L’altro movimento è verticale dal basso verso l’alto. Dal corpo disteso della Vergine parte un moto ascendente che passando attraverso il Cristo culmina nel clipeo che contiene la Vergine Assunta portata dagli angeli nell’alto dei cieli. I due personaggi principali, Cristo e Maria, sviluppano, due linee opposte: una verticale ed una orizzontale. La verticale segna il centro esatto dell’icona. È la linea che indica la benevolenza e l’amicizia del Signore per gli uomini. Questa linea, infatti, vuole incontrare l’altra, quella orizzontale. La direttrice orizzontale non a caso è posta nella seconda metà inferiore dell’icona. Essa ha come soggetto il corpo della Vergine, simbolo dell’umanità, della terra fertile pronta a ricevere il seme. L’incontro delle due linee è vita, ed è la redenzione di tutta la creazione e di tutto ciò che è sulla terra, visibile e invisibile. Gesù col corpo in atipica torsione a destra, verso la testa di Sua Madre, prende tra le braccia l’anima non disincarnata di Maria e la sorregge, portando a compimento la Sua nascita nel Regno. Il passaggio da questa vita all’altra si effettua quindi per mezzo del Cristo. La sua presenza per Maria è l’ “éschaton”, la seconda venuta di Cristo nella gloria, che anticipa la perfezione del creato. Quello della Vergine Madre è un volto che trasfonde serenità paradisiaca, Lei che aveva concepito il Paradiso, ora viene accolta da quel Verbo che la trasferisce nel Regno della Luce.

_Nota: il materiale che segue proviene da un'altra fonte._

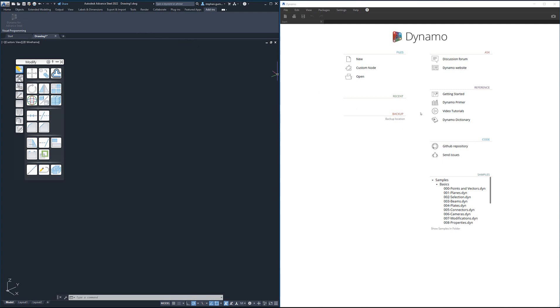Some important things to note: delivered as part of the Dynamo extension for Advanced Steel is a series of scripts which will be there to help you learn and look at examples of how you do certain things.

La tensione del corpo in posizione supina, il viso disteso lascia tralucere un sereno sonno che è bellezza e sazietà di grazia che la introduce nella
mistica pace di quel Regno nel quale ogni lacrima è tersa, ogni affanno giunge a termine (cf Ap 21…). Una corona di angeli, nel rosone centrale, delimita il confine tra la terra e il cielo; la profondità non è narrata, ma intuita dentro la solare luminosità dei colori delle gerarchie celesti che numerose accorrono per presenziare al mistico evento. Si congiunge così, la Chiesa celeste con la Chiesa terrestre e di questo incontro Maria è crocevia, chicco maturo germinato sulla terra, icona teandrica del convergere dell’umano con il divino, altare imbandito delle meraviglie di Dio, giardino fertile di carità, terra arata e fecondata dallo Spirito. L’icona della Dormizione non fa eccezione, anche qui, i colori delle vesti della Téotokos sono il blu – verde della tunica ed il rosso cinabro del mantello ( maforion) a significare: Colei che è creatura umana è stata rivestita e preservata dalla Grazia. Paradossalmente, è come se il corpo di Maria scomparisse sotto gli abiti che non drappeggiano più il corpo ma l’anima, le pieghe del maforion non esprimono più il movimento fisico, ma il ritmo e la tensione spirituale di tutto il suo essere in Dio. Il ricco drappeggio con motivo semicircolare, sul seno verginale è un chiaro riferimento all’incarnazione, le mani incrociate sul petto il segno della sua disponibilità a collaborare con l’attrattiva divina. L’iscrizione che troviamo in prossimità del nimbo è costituita da due monogrammi “MP – OV”, abbreviazione di Mater Theon cioè, Madre di Dio, che costituisce una variante del titolo “Theotokos” definito quest’ultimo, nel terzo Concilio ecumenico di Efeso del 431. Ieratica e maestosa si staglia, in posizione centrale, la figura di Cristo. Tale presenza costituisce il motivo iconografico più sorprendente e dogmaticamente più profondo, infatti, la circostanza che nella scena centrale non vi è la Madre di Dio che sale al cielo, come avviene nelle rappresentazioni artistiche dell’Occidente, non è
accidentale. Al contrario, in tutte le icone della Dormitio vi è sempre il Cristo che scende sulla terra,
accompagnato dalla coorte celeste che anticipa la gloria che gli compete alla fine dei secoli, per accogliere la Madre amata. Il piano verticale della parte terrestre è dunque, dominato dalla figura del Cristo che solenne occupa il centro dell’icona. Circonfuso dalla gloria angelica, che irrompe nella temporalità dello spazio, Egli tiene in mano l’anima della Madre rappresentata come un infante avvolta in bianche fasce. Il Cristo indossa le vesti del Risorto – glorificato, il richiamo alla Risurrezione vuole indicare che la dormizione di Maria è prolessi del dono che promana dal Risorto, il candore delle bende nelle quali la bambina è avvolta non solo richiamano al candore dell’anima pura di Maria, preservata da ogni colpa di peccato, ma pure al sepolcro vuoto di Cristo.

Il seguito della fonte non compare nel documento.